Alice and Bob are playing a variant of Nim game. There are $n$ piles consisting of $a, b, c,\cdots$ coins respectively. On a move, a player can remove a square number of coins from either pile; e.g. one can remove $1,4,9,\cdots$ coins from either pile in one move. Empty moves are not allowed. The player unable to move loses. Suppose Alice goes first. Determine the condition that Alice wins, as well as devise a winning strategy for him. Assume both players play optimally.
Here are my efforts:
Define a set $G_n$ consisting of all possible partitions of a number $n$ into squares. For example, $$G_6 = \{1+1+1+1+1+1, \ 4+1+1\}$$ Now, note that if the total number of moves (till all piles become zero) is odd, Alice wins; if it is odd, Bob wins.
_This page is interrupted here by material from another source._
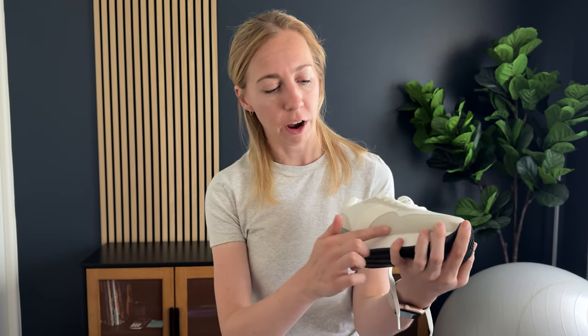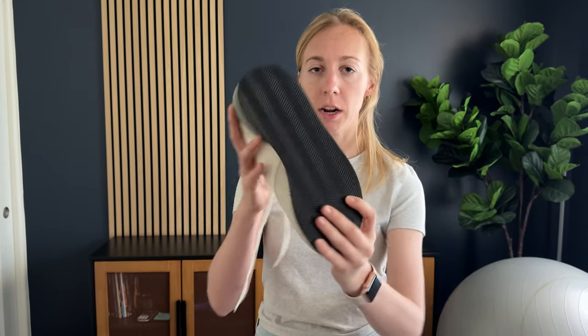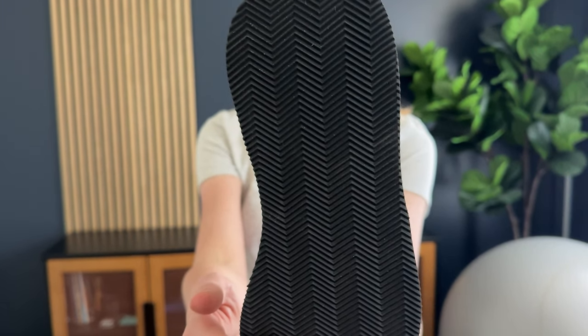A few things about them: they have a few different variety of colors — a gray, a beige, an off-white, and a white. There's a little bit of a platform, and the bottom has a really textured black rubber sole, so no worries about slipping.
Now, if there is only one pile, then the pile may approach zero in some order, say $P$, then $P\in G$ by definition of $G$. Let us say the total number of numbers in a path $P$ will be $n(P)$. In a one-pile game, Alice wins if $n(P)$ is odd, else Bob wins.
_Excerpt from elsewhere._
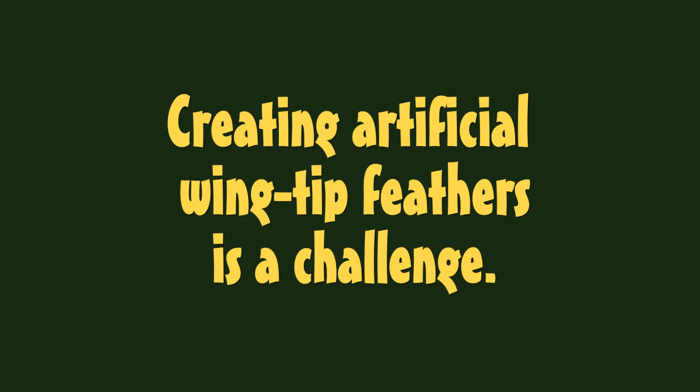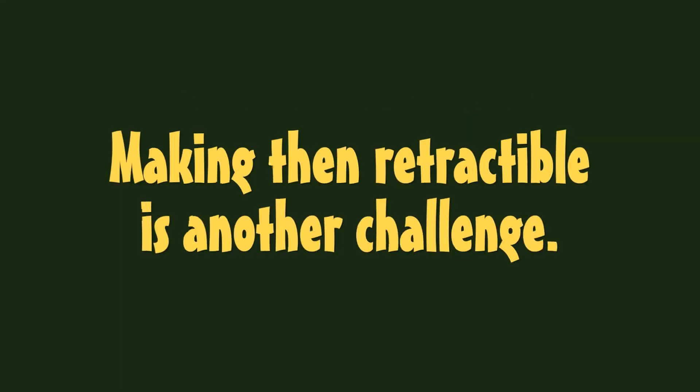Creating artificial wingtip feathers is a challenge. Making them retractable is another challenge.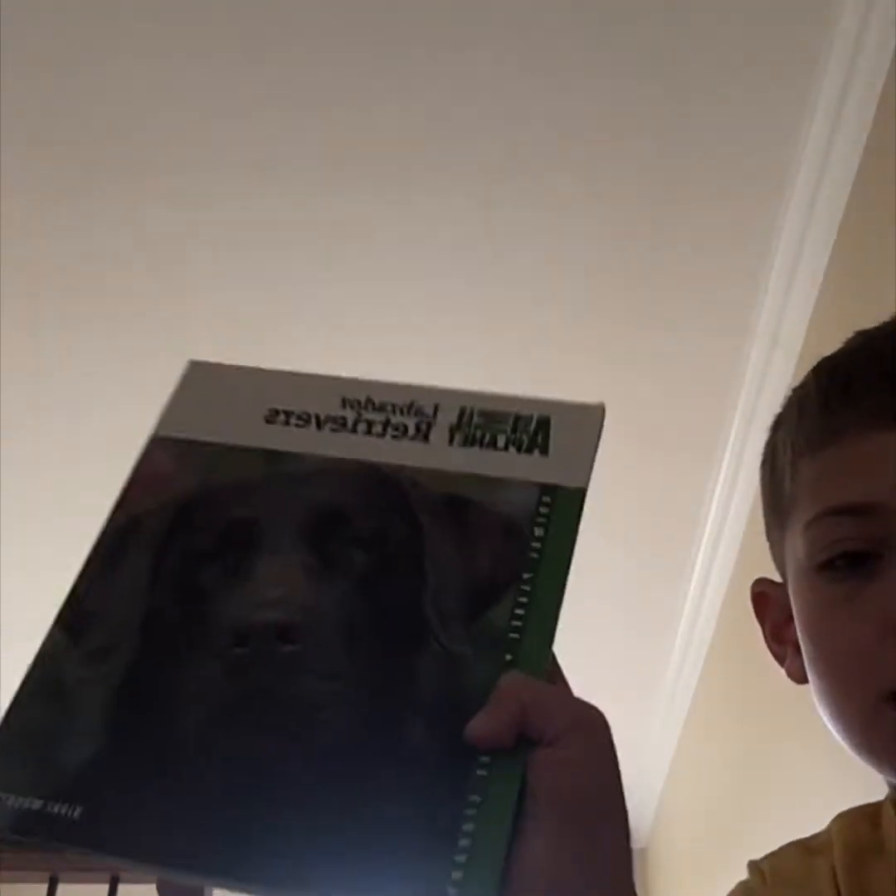Okay, enough slime for right now. Oh, I really want someone to play with. I'm kind of feeling like a dog — where are we gonna get a dog from though? This is a book of dogs. Well, at least I tried.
Similarly, in a $n$-pile game, Alice wins if the sum of the values of $n(P)$ for each pile is odd, else Bob wins.
Now, in a one-pile game, Alice's strategy should be to choose that $P\in G$ that has the largest numbers, because if he chooses smaller numbers, Bob can break his path.
But I'm unable to figure out a strategy for him where $n> 1$. Can anyone help me out?
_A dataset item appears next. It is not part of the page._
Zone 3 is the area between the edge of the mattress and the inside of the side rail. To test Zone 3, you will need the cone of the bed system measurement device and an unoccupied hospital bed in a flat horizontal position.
I computed the nimbers and searched on OEIS.
The result is this sequence and a useful link on that page is this paper that gives a fast algorithm (which is an improvement from the naive $O(n^{3/2})$ to a somewhat $O(n^{1 + \epsilon})$).
The paper is quite recent (from 2018), which probably means that there is no known better way of calculating the nimbers.
Examples:
Let's say we have three piles, of sizes $37, 51, 87$, respectively.
Looking at the OEIS sequence, we find that the corresponding nimbers are $3, 5, 6$, respectively.
We then calculate the xor of the three nimbers, which is $0$.
This means that the original game is equivalent to a pile of $0$ nim, hence Alice loses (as she moves first and there is no legal move).
On the other hand, if the three piles are $37, 51, 83$, then the nimbers are $3, 5, 4$ and the xor of them is $2$. This means that Alice wins.
In general, Alice loses if and only if the xor of all the nimbers is equal to $0$.